Administrative databases and web services
A discussion paper for
the Computer
Laboratory Admin Support Panel
Markus Kuhn
Status quo
The Computer Laboratory has for many years operated a Microsoft SQL
Server that hosts a database called "Administration". It currently
runs Microsoft SQL Server 2008 on FARRINGDON
(farringdon.ad.cl.cam.ac.uk). The "Administration" database contains
currently over 140 tables, including information about
- members of the department (room occupancy, employment status, etc.)
- equipment (wiring, telephones, computers, DHCP, etc.)
- door access control
- research students (status, topic, dates, supervisor, etc.)
- applicants (mphil, phd)
- departmental roles and their occupants (under development)
- ... and much more ...
The contents and configuration of databases on this server can be
browsed and configured by any interested staff using the Microsoft
SQL Server Management Studio software, which is installed, for
example, on the Windows terminal server ts01.ad.cl.cam.ac.uk. Graham
Titmus administers the SQL Server and can grant interested staff
access permissions.
Existing users:
- Graham Titmus implemented a number of applications and web
interfaces on
https://dbserv.ad.cl.cam.ac.uk/Administration/ to some of these tables, using ASP and Visual Basic technology.
(The source code resides on the filer in the Subversion repository
file:///usr/groups/wwwsvn/repositories/msdbweb.) These are widely used
within sys-admin and receiption.
- Student-admin routinely edit some of these tables using Microsoft
Access.
- There are a number of Perl scripts running under Linux that use
the FreeTDS package to execute SQL
instructions on the SQL Server. That is for example how we generate the
departmental phone
directory (in /anfs/www/VH-cl/scripts/people.pl).
- ... and more ...
Shortcomings of the existing SQL server arrangements:
- The existing "Administration" database tables are of varying
quality. Some define authoritatively the department’s knowledge or
status in a certain area, have been carefully normalized and their
configuration automatically enforces a number of consistency rules.

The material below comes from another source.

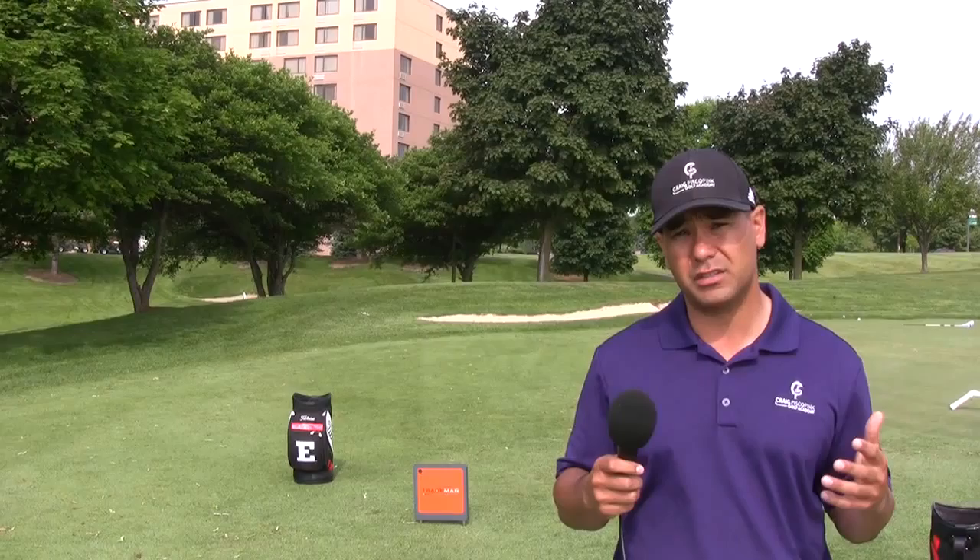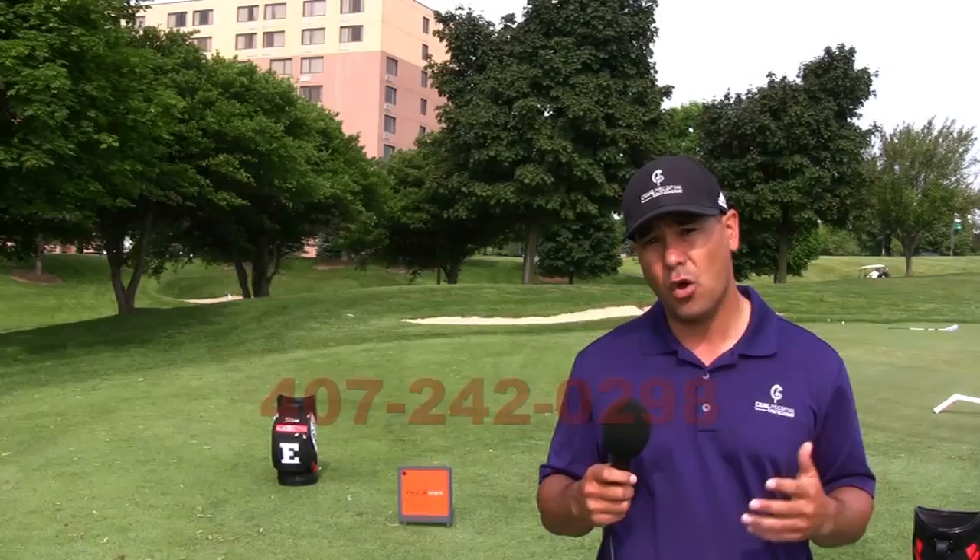Thanks for attending the Craig Piscopin Golf Academy. If you have any questions, you can reach me at 407-242-0298 or cpgolfacademy.com. Thanks for joining.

Others are more used as informal tabular notebooks, are entirely
manually maintained by a single user in a single table, with no
normalization
or insufficient consistency checking. The latter are difficult to use
by software applications.
- Most of the existing documentation is “in Graham’s head”. There
are some notes in
the sys-admin
wiki; in particular the tables related to human resources, wiring,
DHCP and LDAP have some information, but again most of that is more a
collection of brief notes, rather than detailed and definitive
descriptions of all the rules, constraints, policies, applications and
administrative processes relating to that data.

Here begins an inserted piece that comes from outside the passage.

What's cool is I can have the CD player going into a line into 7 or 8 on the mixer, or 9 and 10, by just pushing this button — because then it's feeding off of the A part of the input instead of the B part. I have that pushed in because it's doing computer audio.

- In particular, there is no central registry of who uses what data
and what applications would have to be modified if some table or
column were to be changed.
- Microsoft's SQL Server uses a
proprietary, only
very recently documented communications protocol
(TDS)
that is not
yet well supported on non-Microsoft environments; the official
interface is the Windows ODBC API. The
available FreeTDS package is a
prototype communications library for this proprietary protocol with
many known shortcomings and pitfalls, especially regarding binary
data, character sets, date and time formats, and authentication. It
works in some of our existing applications so far, but still falls
short of being a desireable long-term solution.

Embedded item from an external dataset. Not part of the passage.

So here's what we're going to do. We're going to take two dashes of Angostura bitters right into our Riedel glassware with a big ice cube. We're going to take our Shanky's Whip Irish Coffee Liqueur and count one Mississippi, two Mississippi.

- While the SQL Server technology appears to be considered by
sys-admin quite robust and suitable (with the exception of Linux
connectivity), the existing Visual Basic + ASP based web applications
are considered to be not quite as flexible and comfortable as would be
desirable, giving users only very limited search and browsing access
and often rather cumbersome editing functions. It also does not seem
to work well with the
University's Raven
authentication system, requires a separate Microsoft web server
(rather than the
open-source Apache server that
we use everywhere else), and only a single member of staff is
currently familiar with it.
Requirements and available technologies
Data storage and exchange
Machine-readable data shared between human users and automatically
running software applications can and is being maintained in the
department in a number of ways:
- tables on the main departmental Microsoft SQL Server
- tables on other SQL servers (MySQL, PostgreSQL)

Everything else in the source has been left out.